First, describe what is an infix:

Such as 2 + (3 + 4) * 5. The most common formula is the infix.

Adding brackets to the infix type in the order of operation is: (2 + (3 + 4) * 5 ))

Then, the operator is written before the brackets (+ (2 * (+ (3 4) 5 ))

Remove the brackets: + 2 * + 3 4 5

The formula is the prefix of the expression.

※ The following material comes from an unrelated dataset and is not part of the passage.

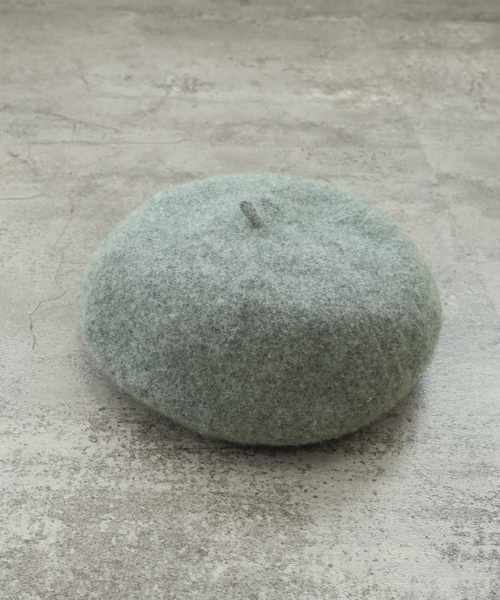 amorous insense（アモラスインセンス）の「[ウール混]ベレー帽（ハンチング/ベレー帽・レディース・ブラック/ダークパープル/グリーン/アッシュグレー/フューシャピンク・ﾌﾘ-）」の12枚目の写真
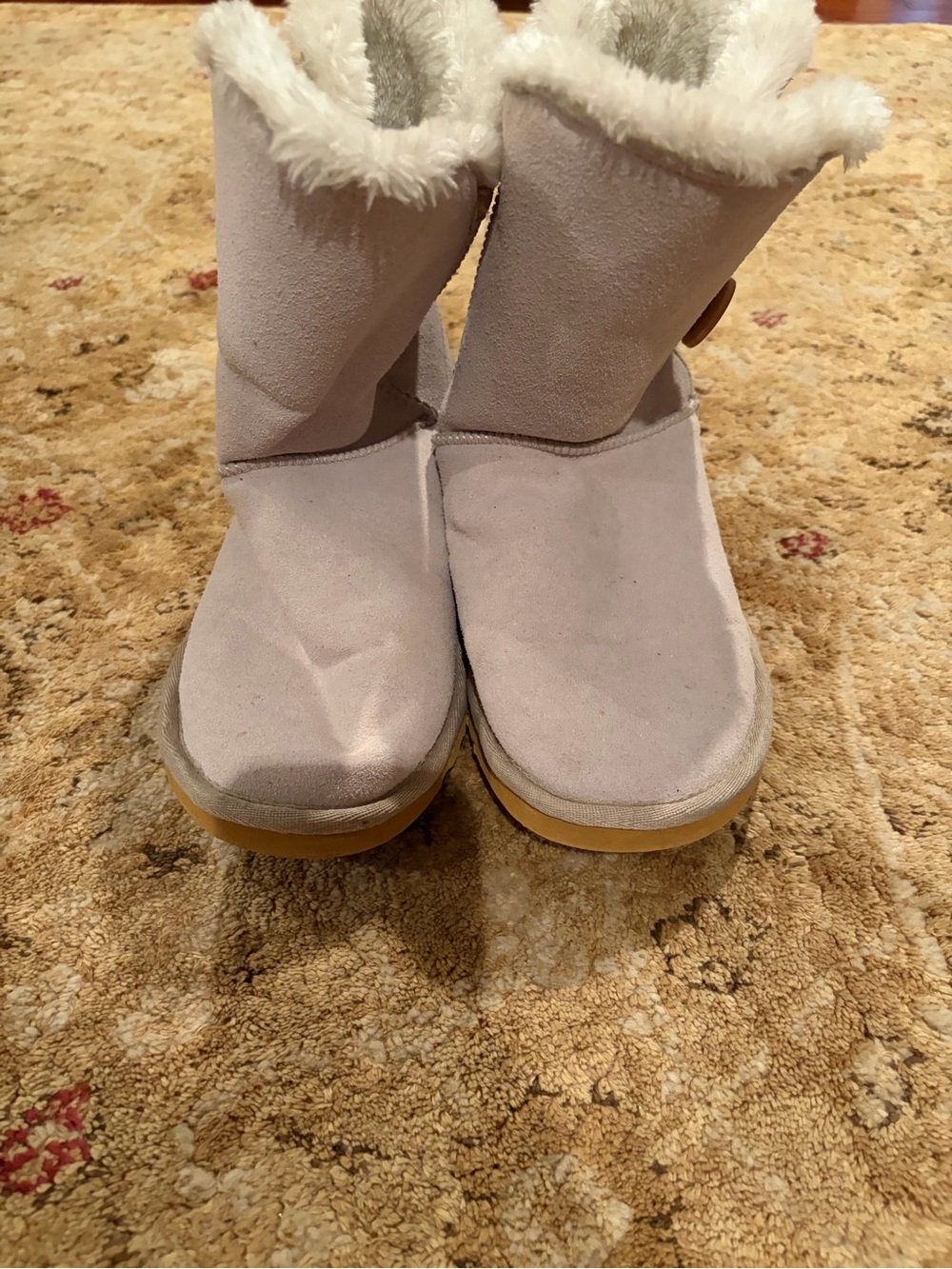 UGG women's Bailey Button ii Suede Shearling Boots in Light Gray women's 9 EUC - Picture 4 of 9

Here is a prefix expression. Calculate the value of this prefix.

For example:

+ 2 * + 3 4 5 is 37

 
Input
There are multiple groups of test data. Each group of test data occupies one row. There is a space between any two operators and between any two operands. The two input operands may be decimal places. The data ensures that all input operands are positive and smaller than 10, and the number of operands cannot exceed 500.
End sign with EOF as input.
Output
Output the value of this prefix expression for each group of data. The output result is retained with two decimal places.
Sample Input
+ 2 * + 3 4 5+ 5.1 / 3 7
Sample output
37.00
5.53

This topic is also made of stacks, but the sequence is a little different from the suffix type. The difference between it and the infix is that you do not need to compare the priority,
Because there are no parentheses in the prefix and suffix types, you can simply calculate them in order. The following is the specific implementation code, with comments in the code,
If you do not understand, you can leave a message...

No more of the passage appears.